13. Supervised and Unsupervised Learning

Thus far in the course, we have been conducting supervised machine learning, where labels associated with the data is provided and used to correct the algorithm during a training phase. Unsupervised learning does not include real labels or a testing phase. Unsupervised learning is performed by looking at the data and trying to find patterns within the data. These are known as "self-discovering" algorithms. Unsupervised models require precise and accurate setup to model the structure and similarities within the data. Two primary examples of unsupervised learning are clustering, or identifying patters in data items, and principal component analysis - also known as autoencoding or latent factor analysis - is where you seek to identify the latent factors that drive data.

13.1. Clustering Algorithms

Clustering algorithms look within the data to determine commanalities within the data which can be used to group similar data items logically. To perform clustering on huge or complex datasets, we seek to represent attributes as numbers. This could be a product ID to represent a sale item on a website, height, weight, and age to represent people. The number of attributes defines the number of axis needed to plot each datapoint; i.e. for n attributes, you will need an n-dimensional hypercube. Clustering these numerical representations into similar groups for similar attributes and different groups for attributes which are dissimilar. Then the distances between two points in the n-dimensional space can represent the relative similarity or dissimilarity between those points. The goal of clustering is to minimize inter-cluster similiarity (similarity between two clusters), and maximize intra-cluster similiarity (similiarity between points in the same group).

13.1.1. K-Means Clustering

Many clustering algorithms for grouping data exist. K-Means clustering is a popular example of a clustering algorithm. The objective of K-Means clustering is to determine k number of clusters for n number of data points and optimize the total reconstruction error. This is performed by assigning each cluster a centroid and computing the distance between each point to it's centroid. The mean of these distances is then computed, and the centroid is then moved to the position of this mean. Distances are then computed between each point and all centroids in order to facilitate points moving to a closer centroid. This process is then repeated iteratively until points no longer move to another cluster which indicates a convergent model. These centroids, also known as reference vectors, are then indicative of every data point within the cluster.
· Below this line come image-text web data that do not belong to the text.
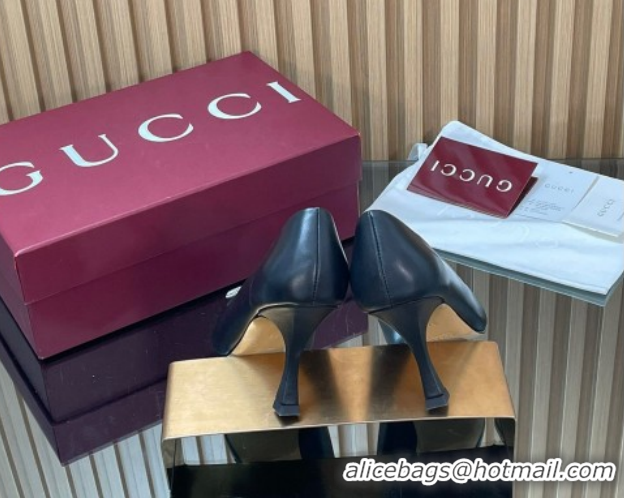 Unique Style Gucci Calf Leather Pumps 8.5cm with Strass Interlocking G 852995 Black 2026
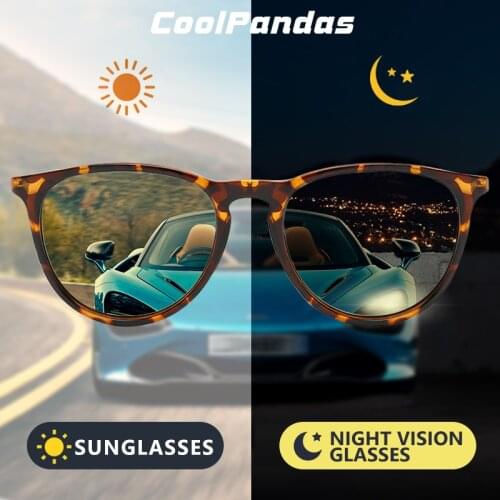 2020 Photochromic Polarized Sunglasses Women Round Sun Glasses Men Vintage Goggle UV400 Day Night Vision lunette de soleil femme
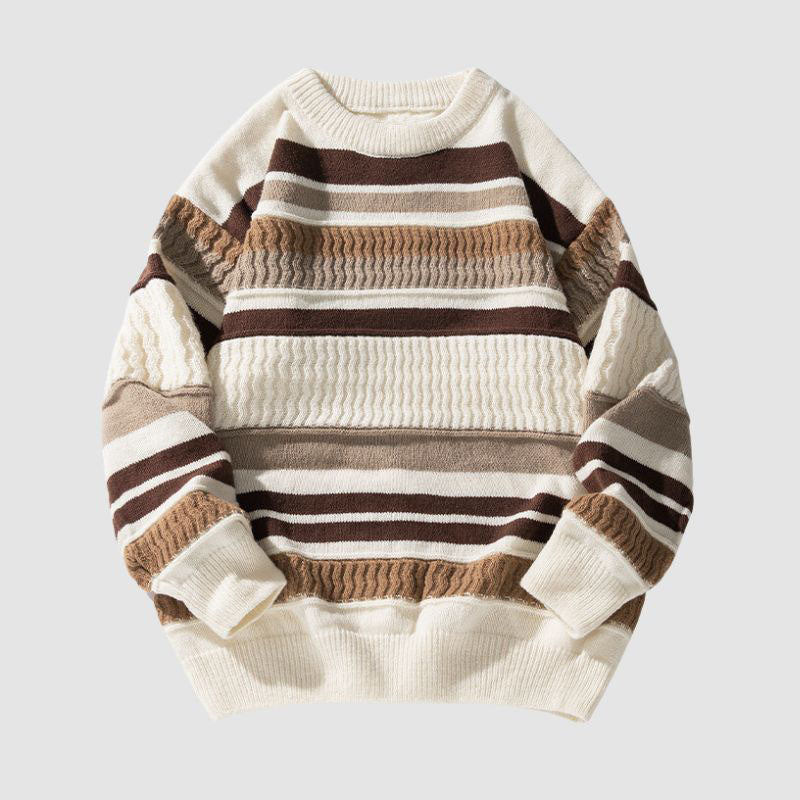 Striped Cable Patchwork Design Pullover,Sweater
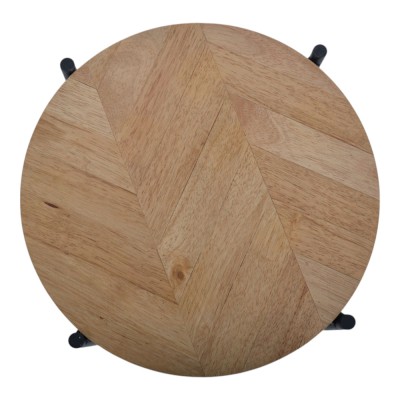 ΤΡΑΠΕΖΑΚΙ ΜΕΤΑΛΛΙΚΟ ΣΕ ΜΑΥΡΟ ΧΡΏΜΑ ΜΕ ΞΥΛΙΝΗ ΕΠΙΦΑΝΕΙΑ 41x41x50εκ. ANKOR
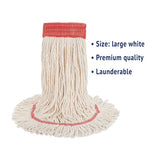 Super Loop Wet Mop Head, Cotton-synthetic Fiber, 5" Headband, Large Size, White, 12-carton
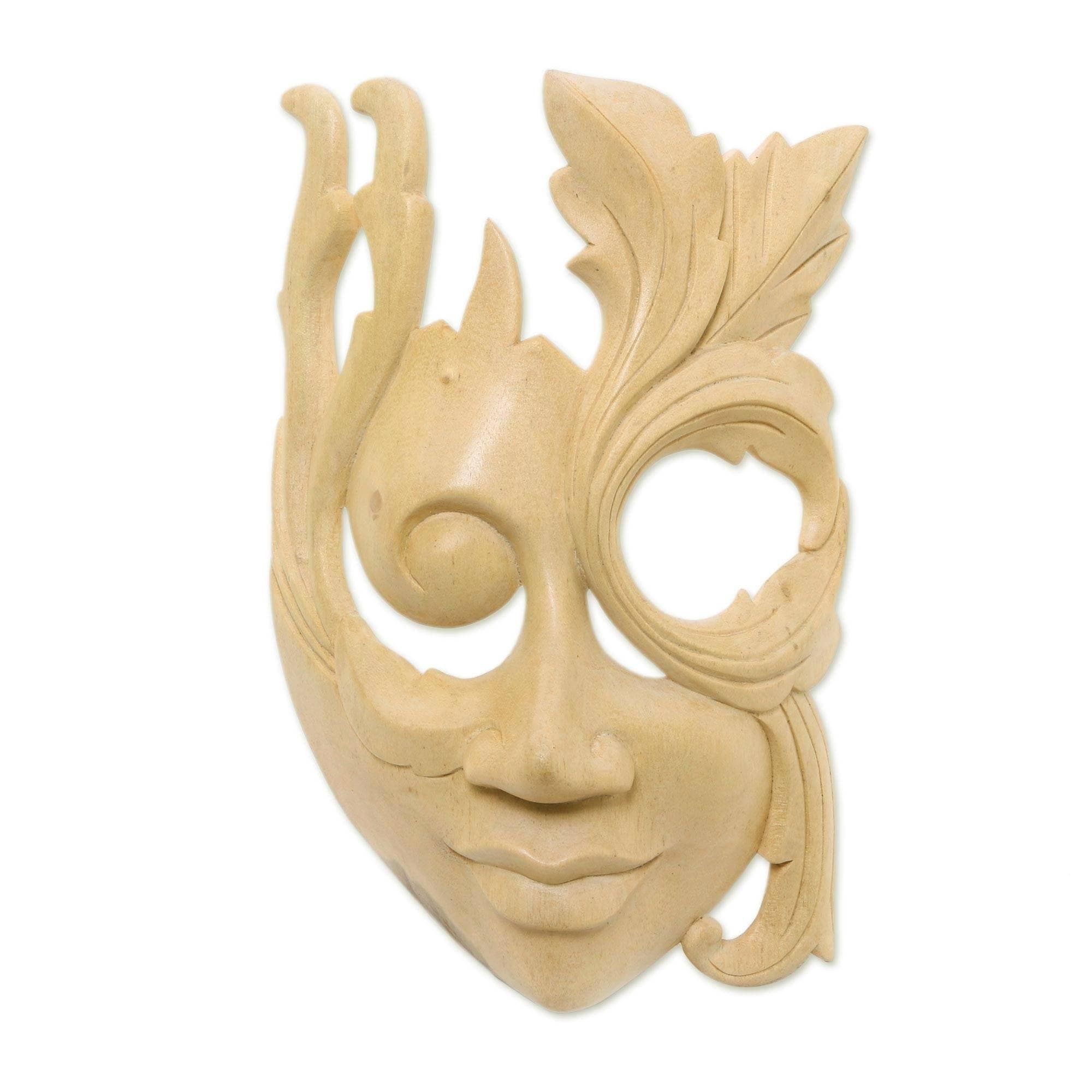 Hibiscus Wood Blossoming Woman Mask Handmade In Indonesia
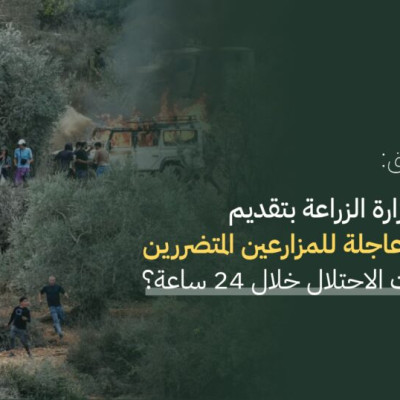 كاشف يتحقق: هل تقوم وزارة الزراعة بتقديم مساعدات عاجلة للمزارعين  المتضررين من اعتداءات الاحتلال خلال 24 ساعة؟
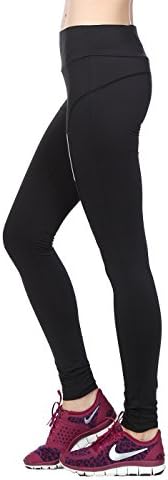 Wiffwaff Women's Long Yoga Pants Leggings (Medium, Black)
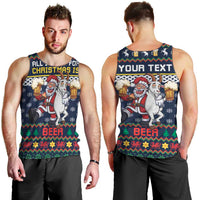 Personalized Merionethshire Wales Christmas Men Tank Top Beer and Goat Santa Design - Wonder Print Shop
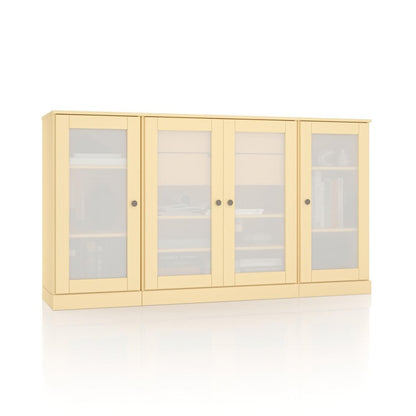 65" Yellow Solid Wood Two Drawer Sideboard With Four Glass Doors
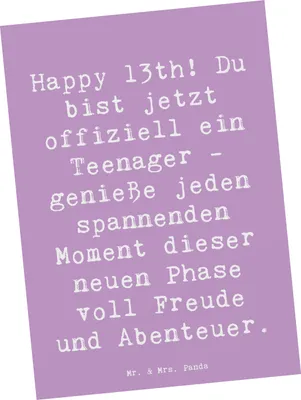 Produktbild von Mr. & Mrs. Panda bildkarte Spruch 13. Geburtstag - Lavendeltraum - Geschenk, Postkarte, Glückwunsch, Ansichtskarte, Teenager, feiern, Ansichtskarten, Abenteuer, Grußkarte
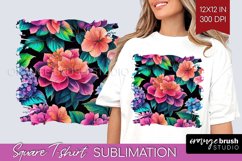Rainbow Flowers Square Tshirt Background - Spring PNG Product Image 1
Hyperparameters for K-Means Clustering

The number of clusters, k, is the primary hyperparameter for K-Means clustering. The value for k is determined by varying the number of clusters and computing the total reconstruction error for that model. Plotting the total reconstruction error against the value of k and analyzing the graph to find the "elbow" - that is the point at which the total reconstruction error drops dramatically.

The initial values are the second hyperparameter for K-Means clustering. Randomly assigning initial values may impact model convergence and final values dramatically, so analysis of the underlying data could be performed to choose suitable initial values for the model.

The third hyperparameter is the method for calculating distance. Euclidean, mahalanobis, and cosine distances are all options for computing distances each with their own drawbacks. For Euclidean distance, the centroid might not coincide with a datapoint. Mahalanobis distance requires normalizing each dimension to have equal variance.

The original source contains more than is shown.